By: S Khalid Husain
The country’s destiny at independence was in the hands of politicians who formed the first governments of Pakistan. They were all indirectly elected members of the first Constituent Assembly which was to frame the new country’s constitution, and hold general elections after its passage.
But they failed to produce a constitution for more than eight years.
Their Indian counterparts, who faced a far more complex challenge, produced a constitution in less than three. The completion of Pakistan’s first constitution in 1956 came from a prime minister who took office in 1955, and who was not from among politicians but was a former bureaucrat. Pakistani politicians’ failure to give a constitution to the country in the first few years, which would have led to general elections, was a bad beginning for democracy.
When someone fails to measure up to a task, others have to move in to “complete” it. To make up for the failure of the politicians of that time, many of whose descendents grace the present parliament, the bureaucracy got dragged in, particularly after the assassination of Liaquat Ali Khan in October 1951.
In 1947, there was none capable among the politicians to be the country’s finance minister, and there has not been one to this day. The Quaid-e-Azam brought in Ghulam Mohammed, who was in the Nizam’s service in Hyderabad, to make him the first finance minister of the new state. The politicians’ ineffectiveness paved the way for him to become an all-powerful governor general in October 1951. He was followed by another bureaucrat, Iskander Mirza.
All the above is a dismal reflection on the calibre and character of politicians. If the politicians had been equal to handling the challenges of leadership, with minds that could grasp issues and with commitment less to their own interests and more to the country’s, the bureaucrats’ entry into politics would have been precluded, and the army would have remained in the barracks.
In their roles as rulers, the bureaucrats, and subsequently the army, proved to be less corrupt and less ineffective than politicians.
However, ruling the country is not the role of the bureaucracy or the army and, in time, both floundered. It was back to the politicians then, who continued their merry ways and, as a result, it got back to the army. The politicians/army seesaw since 1958 has become as popular in the country’s political park as the seesaw itself is in a children’s park.
The politicians must enjoy seesawing with the army. If they didn’t, they would not create conditions which invite army intervention. The way to prevent this is not to bite, but take care of, the hand that feeds: the voters.
Once in power, the politicians abandon the people and embark upon an agenda of personal gains and self-preservation.
The personal gains-agenda of politicians has consistently earned Pakistan a position of honour in the list of the most corrupt countries in the world. It has also reduced a country of great potential to a state of penury. Self-preservation for politicians is not banking on the support of the people, whom the politicians regard as spent cartridges once the voters have voted.

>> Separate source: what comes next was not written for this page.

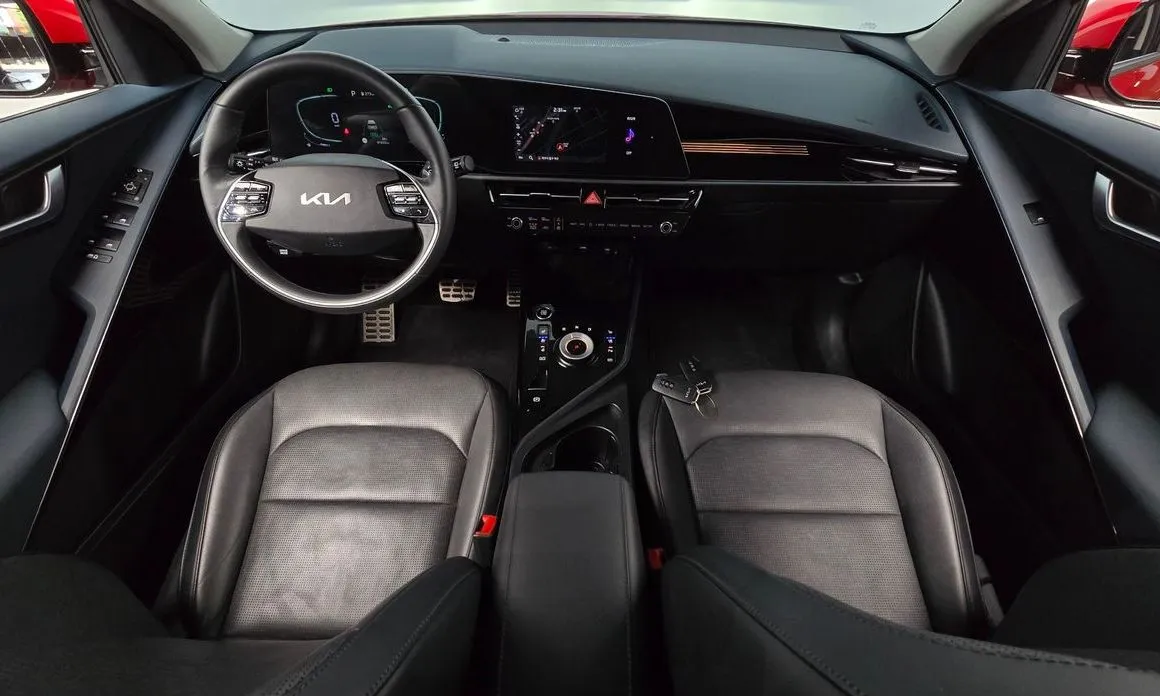 Kia Niro 2022 из KR, фото 2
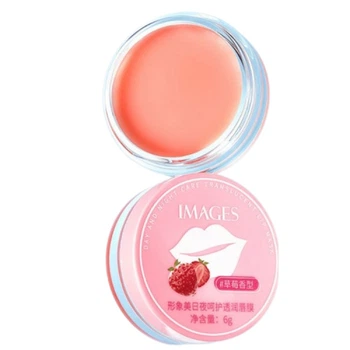 Маска для губ Images Day and Night Lip Mask, з екстрактом полуниці, 6 г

Self-preservation for politicians is to achieve control over all that they survey – institutions, the opposition, the media, and any others that can be a threat to their rule. There has been no letup in this fixation of the politicians, despite the number of times they have had to bite the dust because of it.
A sad example of all the above is the first PPP government, which came to power in December 1971. It is rightly credited for the 1973 Constitution promulgated on Aug 14 of that year.
However, on the same day, and within hours of its promulgation, the PPP government orchestrated the issuance of a gazette notification by President Fazal Ilahi Chaudhry. The notification validated the continuation of the emergency declared by a military dictator on Nov 23, 1971, when the country was at war, under which all fundamental rights had been suspended and made non-justiciable in any court. The state of emergency continued to the last day in office of the PPP government. The country, from living under martial law, moved to living under the equally abhorrent state of emergency. It was then back again to martial law.
Through several amendments in the constitution within a year of the document’s coming into force, which set a record for the number of amendments in such a short period, the press was muzzled, the judiciary enfeebled, preventive detention made easier, and the Quaid-e-Azam’s guidelines on state and religion discarded.
The Federal Security Force raised by the PPP government protected the interests of the government and the ruling party, like the National Guards in Saudi Arabia which protect the Royal family’s interests.
“Special treatment” was meted out not only to opponents but also to critics within the party, like former foreign secretary J A Rahim, a party stalwart and author of the PPP manifesto. In the end this bungling force led by devious police officers and the enfeebled judiciary, which promptly legitimised the PPP government’s overthrow by a military dictator, became the root of the tragedy that overtook the party’s leader and his family.
As in 1947, the country’s destiny today is in the hands of its politicians. They have to lead the country out of the swamp into which it has been led; of this they have been the prime cause. The present situation is despairing. There are radicals knocking at the door, while the politicians indulge in talks on mergers and alliances, which is all old brew, and not even in a new bottle.
In the meanwhile, the “spent cartridges” persevere with their wretched lives. A hundred and eighty million people buying and selling whatever for a day to day survival, or begging and spending, creates enough economic activity to keep the country plodding.